3.11 RFC2410 - The NULL Encryption Algorithm & its Use With IPsec

   This specification [RFC-2410] must be supported.

3.12 RFC2451 - The ESP CBC-Mode Cipher Algorithms

   This specification [RFC-2451] must be supported if encryption
   algorithms other than DES are implemented, e.g., CAST-128, RC5, IDEA,
   Blowfish, 3DES.

4. Mobility

   For the purposes of this document, IP mobility is not relevant.  When
   Mobile IPv6 specification is approved, a future update to this
   document may address these issues, as there may be some effects on
   all IPv6 hosts due to Mobile IP.  The movement of cellular hosts
   within 3GPP networks is handled by link layer mechanisms.

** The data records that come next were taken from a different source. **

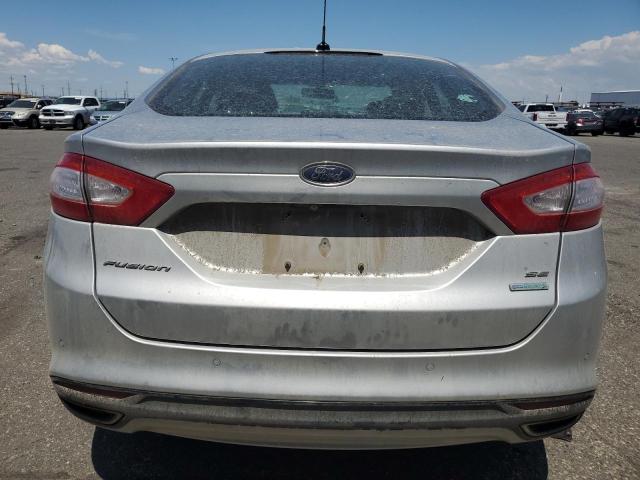 Photo 6 from auction – 2014 FORD FUSION SE with VIN 3FA6P0H91ER393643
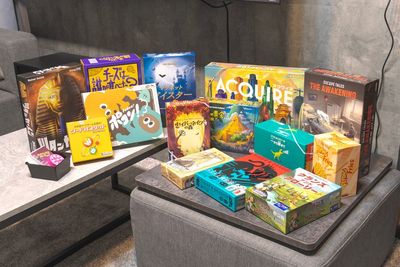 801_GAME仙台 レンタルスペースの室内の写真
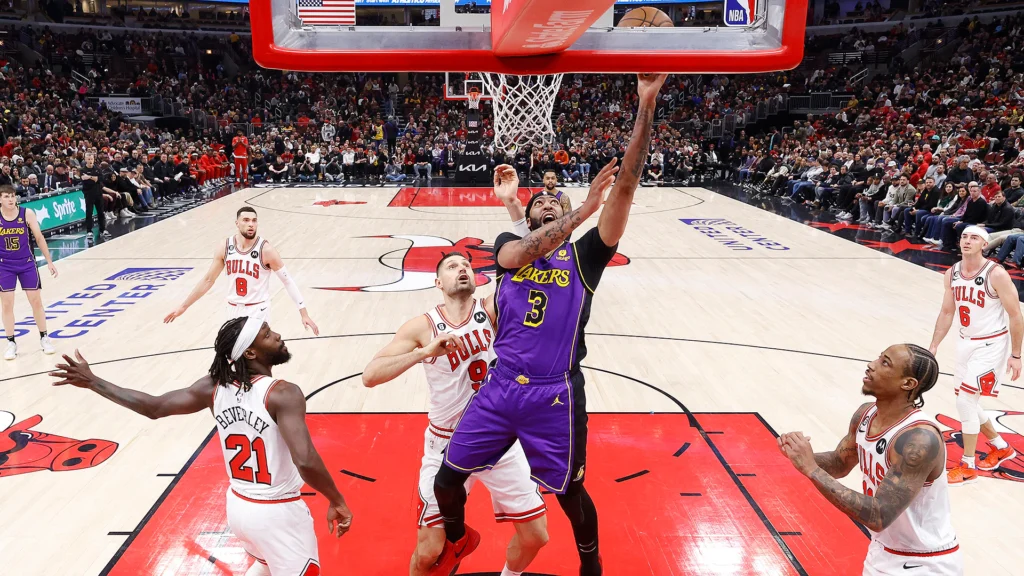 Lakers vs Chicago bulls match player stats Highlight Key NBA Performances Lakers vs Chicago bulls match player stats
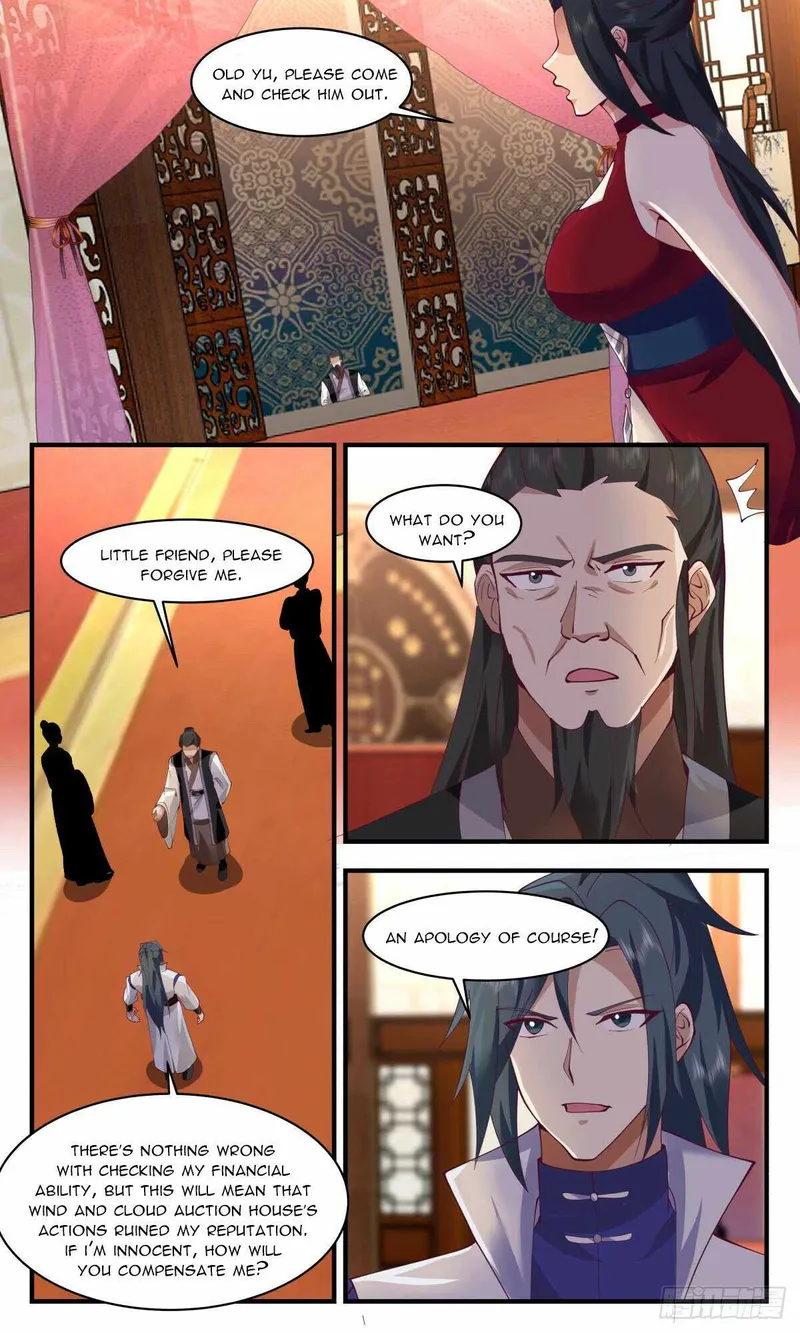Martial Peak — Chapter 2626 — page 4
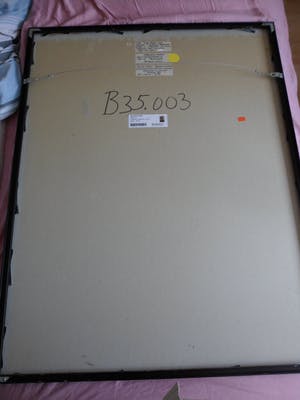 Maurice Lenders - Houtsnede. titel, King Bongo. kopen? Bied vanaf 35!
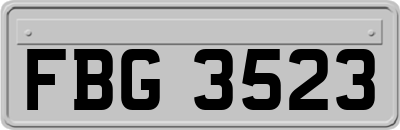 FBG3523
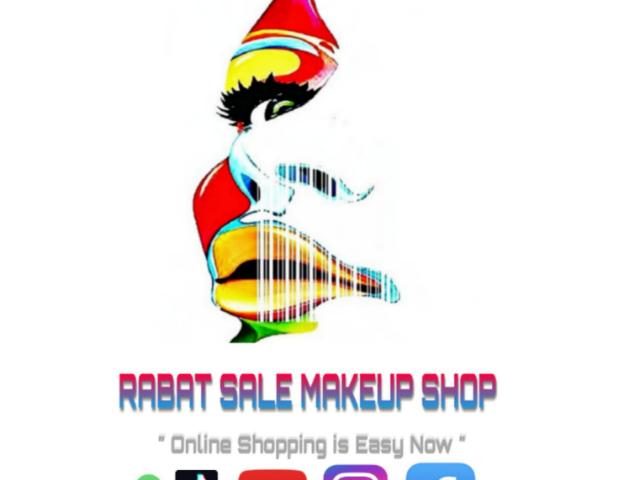 RS MAKEUP SHOP - Salé - +212 700-525527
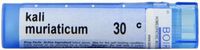 Boiron Homeopathic Medicine Kali Muriaticum, 30C Pellets, 80-Count Tubes (Pack of 5)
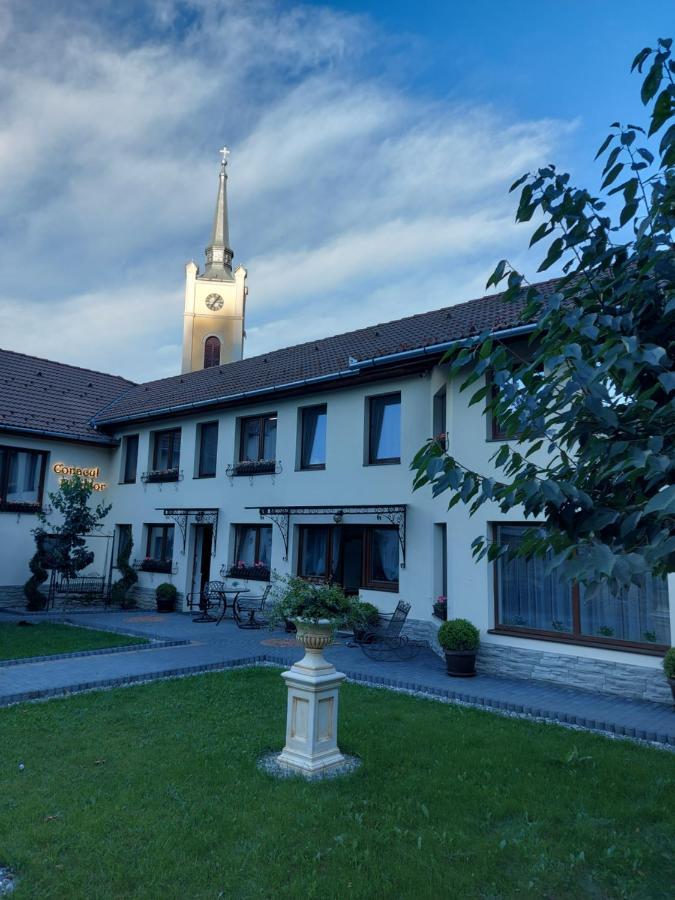 Conacul Poetilor Hotel Gura Râului Exterior foto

5. Security Considerations

   This document does not specify any new protocols or functionality,
   and as such, it does not introduce any new security vulnerabilities.
   However, specific profiles of IPv6 functionality are proposed for
   different situations, and vulnerabilities may open or close depending
   on which functionality is included and what is not.  There are also
   aspects of the cellular environment that make certain types of
   vulnerabilities more severe.  The following issues are discussed:

   - The suggested limitations (Section 2.3) in the processing of
     routing headers limits also exposure to DoS attacks through
     cellular hosts.

   - IPv6 addressing privacy [RFC3041] may be used in cellular hosts.
     However, it should be noted that in the 3GPP model, the network
     would assign new addresses, in most cases, to hosts in roaming
     situations and typically, also when the cellular hosts activate a
     PDP context.  This means that 3GPP networks will already provide a
     limited form of addressing privacy, and no global tracking of a
     single host is possible through its address.  On the other hand,
     since a GGSN's coverage area is expected to be very large when
     compared to currently deployed default routers (no handovers
     between GGSNs are possible), a cellular host can keep an address
     for a long time.  Hence, IPv6 addressing privacy can be used for
     additional privacy during the time the host is on and in the same

     area.  The privacy features can also be used to e.g., make
     different transport sessions appear to come from different IP
     addresses.  However, it is not clear that these additional efforts
     confuse potential observers any further, as they could monitor only
     the network prefix part.

   - The use of various security services such as IPsec or TLS in the
     connection of typical applications in cellular hosts is discussed
     in Section 3 and recommendations are given there.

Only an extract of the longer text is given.